• **What this task involves**
As output, give the exact lines from the one containing "TCL-T920P1T01商" through the end of the listing below, both included, without the pictures.
════════════════
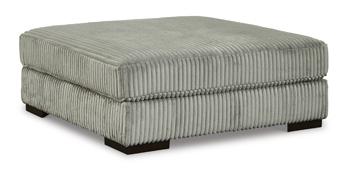 Lindyn Living Room Set - Abundant Home Collections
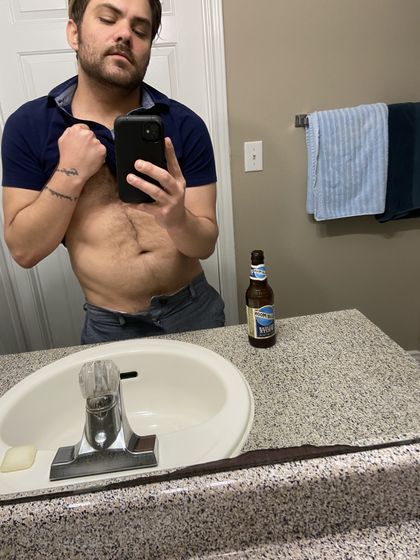 rowdycub OnlyFans picture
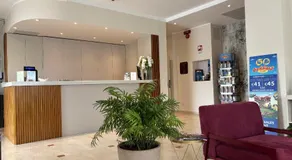 Hotel Dorè - Image 4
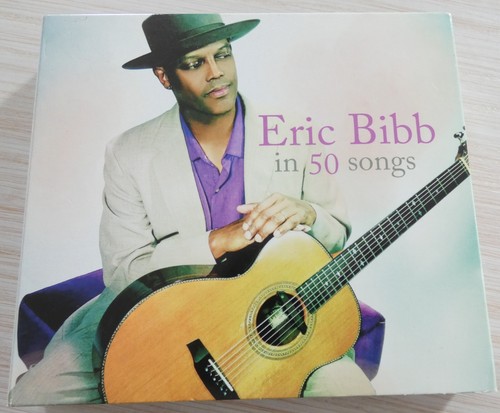 Coffret digipack - cd,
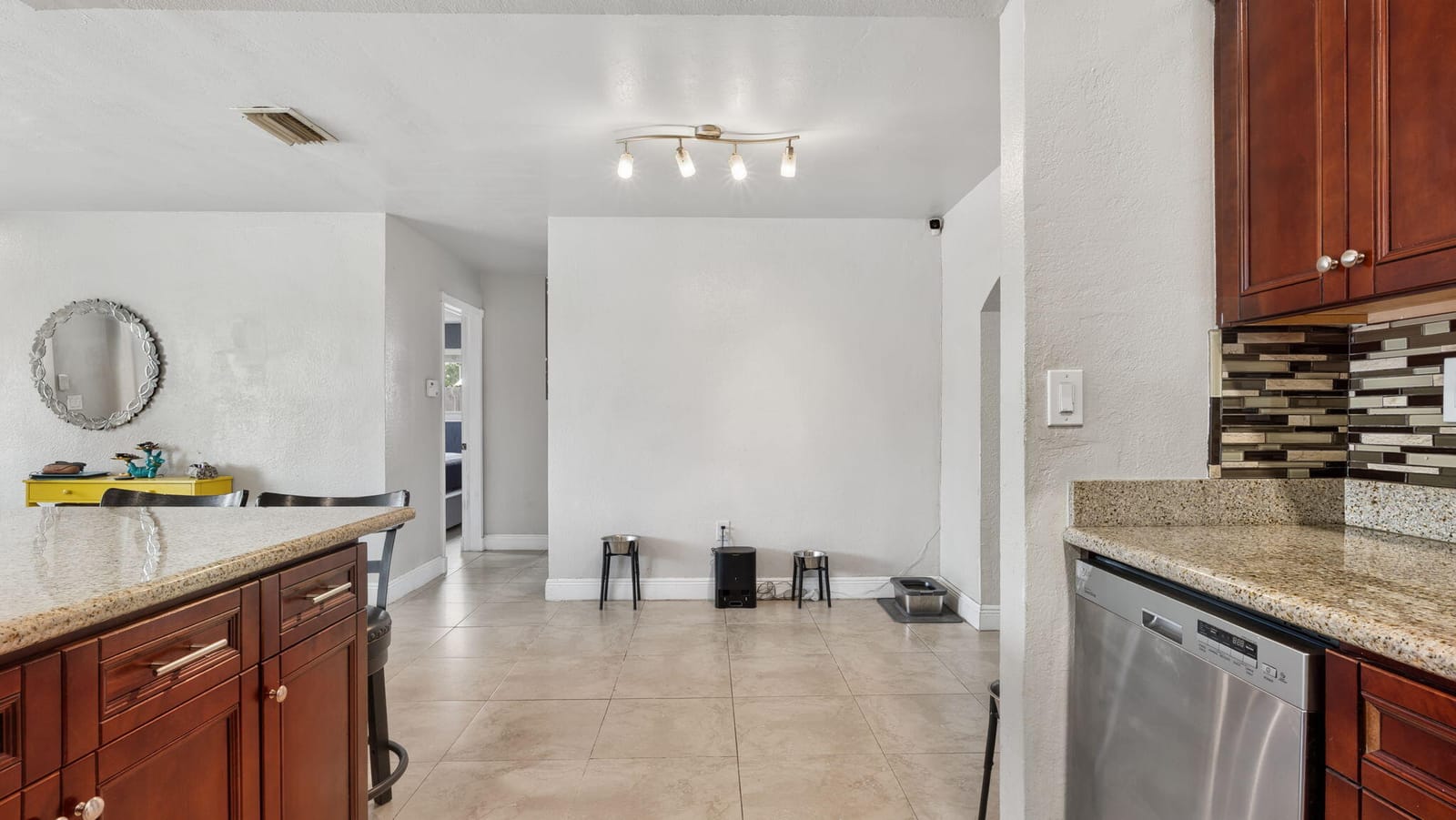 6311 LIBERTY Street, Hollywood, FL 33024 photo 18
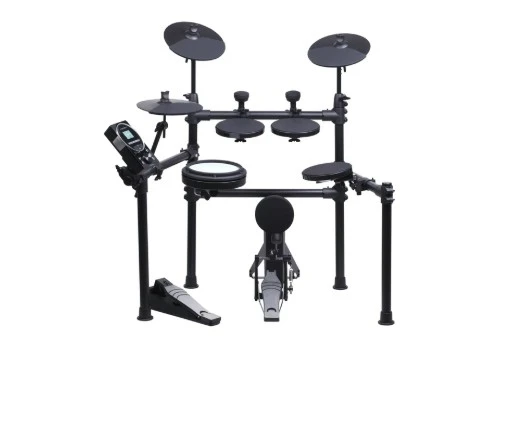 Medeli MZ 520 Dijital davul - 2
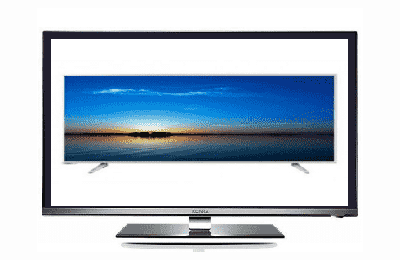 TCL-T920P1T01商用G50E机芯空片IMG格式升级包V8-A920T21-LF1V003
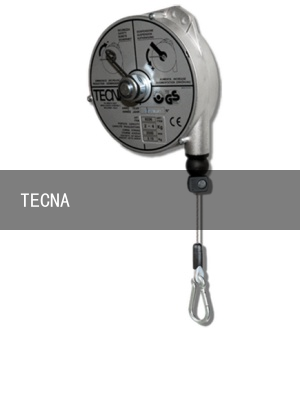 TECNA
════════════════
• **Written solution**
 TCL-T920P1T01商用G50E机芯空片IMG格式升级包V8-A920T21-LF1V003
 TECNA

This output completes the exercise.